Work instructions: Leave the pictures out, and transcribe the material below exactly from the line with "Different types of chiles." to the line with "Cat looking at", both lines included.

__________

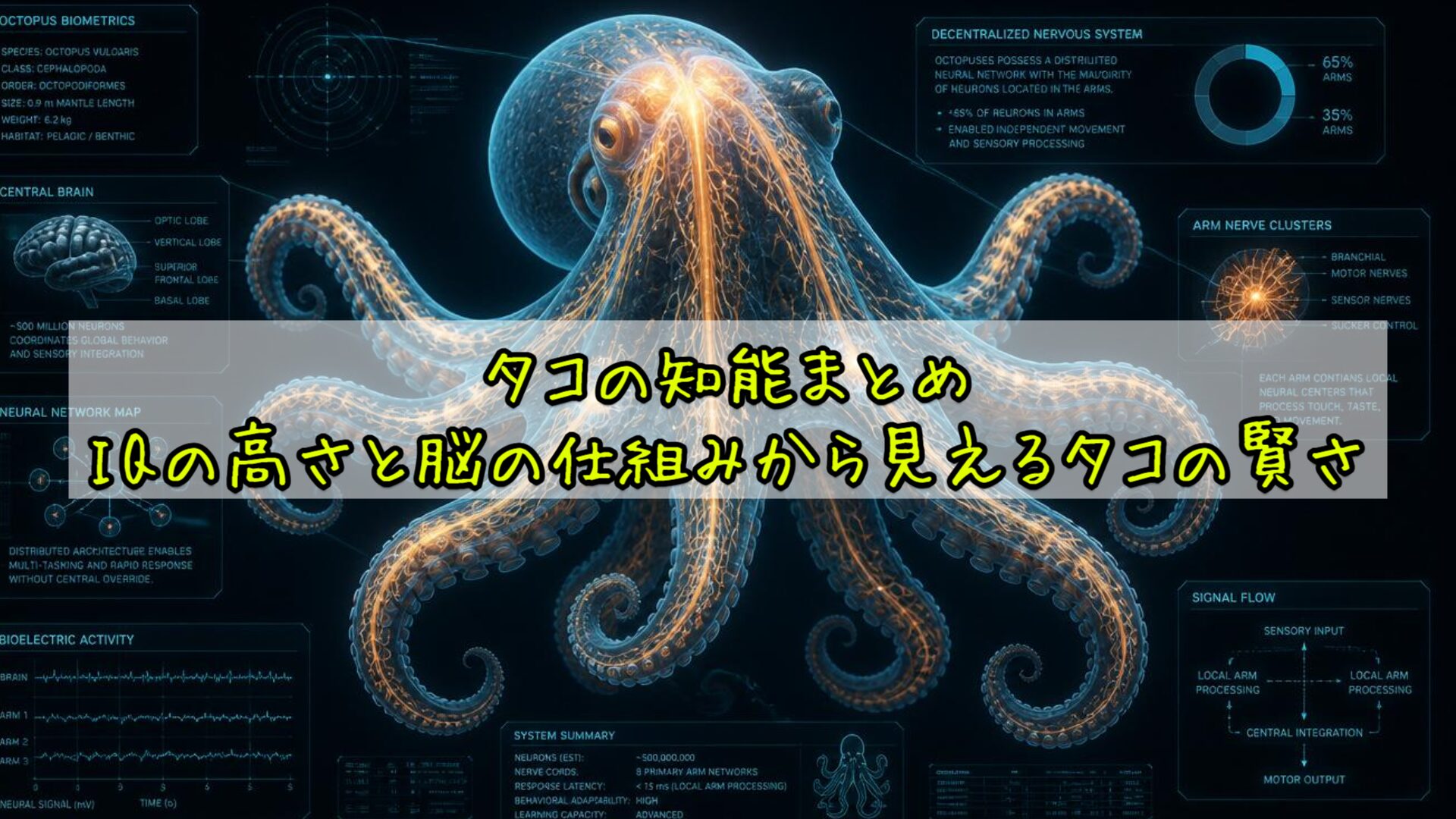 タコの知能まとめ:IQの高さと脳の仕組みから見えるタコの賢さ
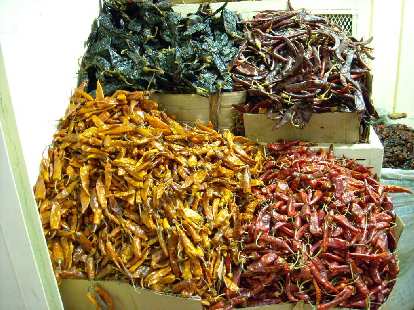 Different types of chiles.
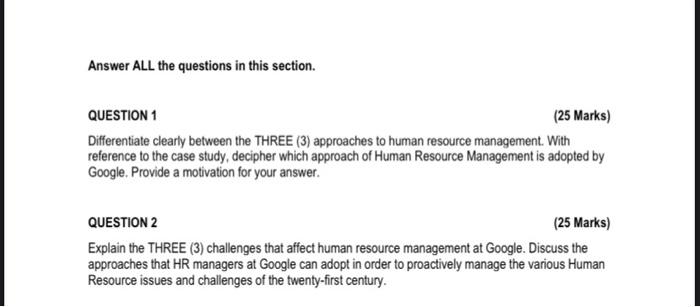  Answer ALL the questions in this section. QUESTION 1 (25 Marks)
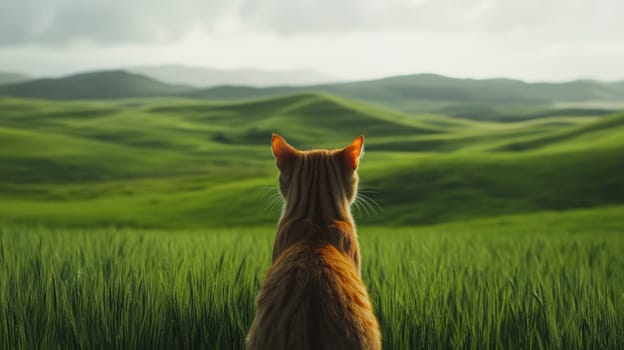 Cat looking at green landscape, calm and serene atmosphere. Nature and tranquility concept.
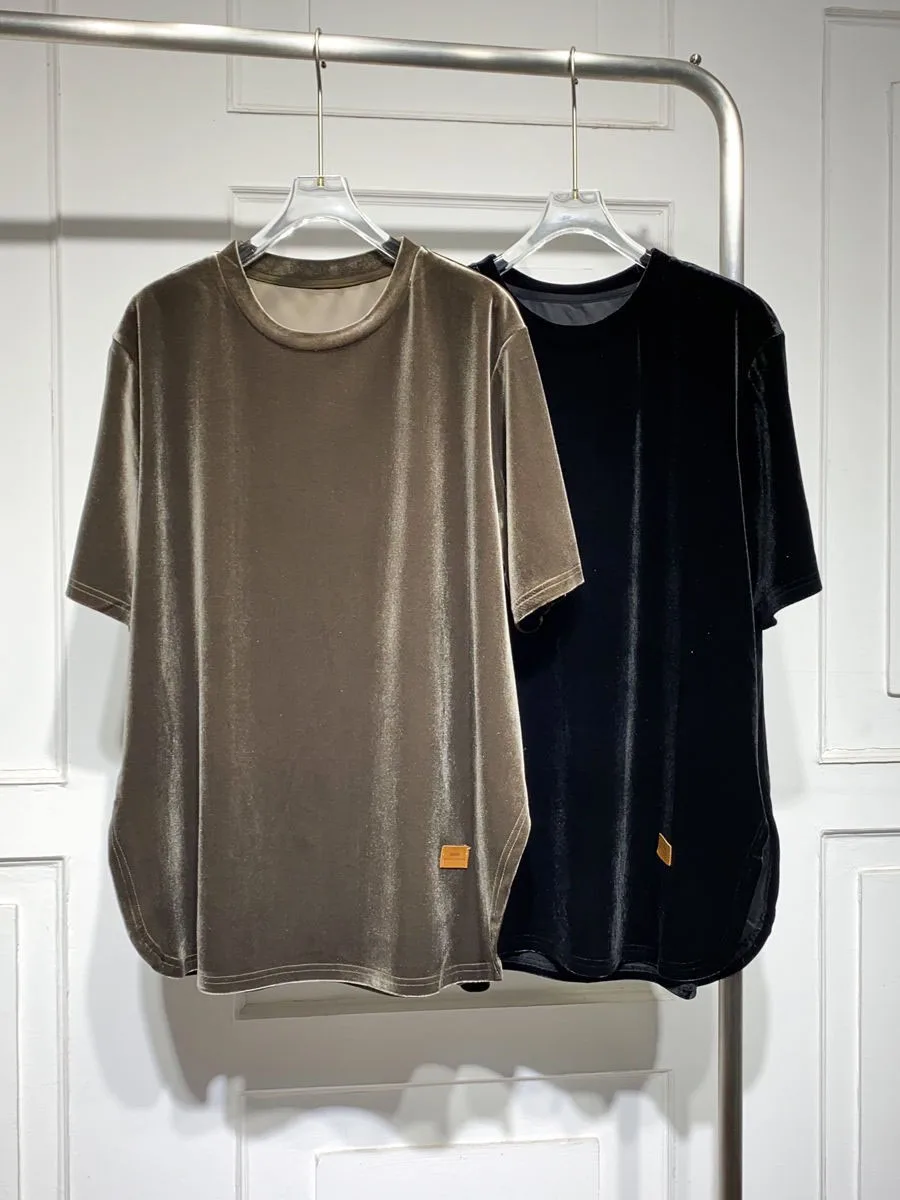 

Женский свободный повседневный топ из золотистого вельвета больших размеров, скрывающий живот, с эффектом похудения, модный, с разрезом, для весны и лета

__________

Result of this exercise:
 Different types of chiles.
  Answer ALL the questions in this section. QUESTION 1 (25 Marks)
 Cat looking at green landscape, calm and serene atmosphere. Nature and tranquility concept.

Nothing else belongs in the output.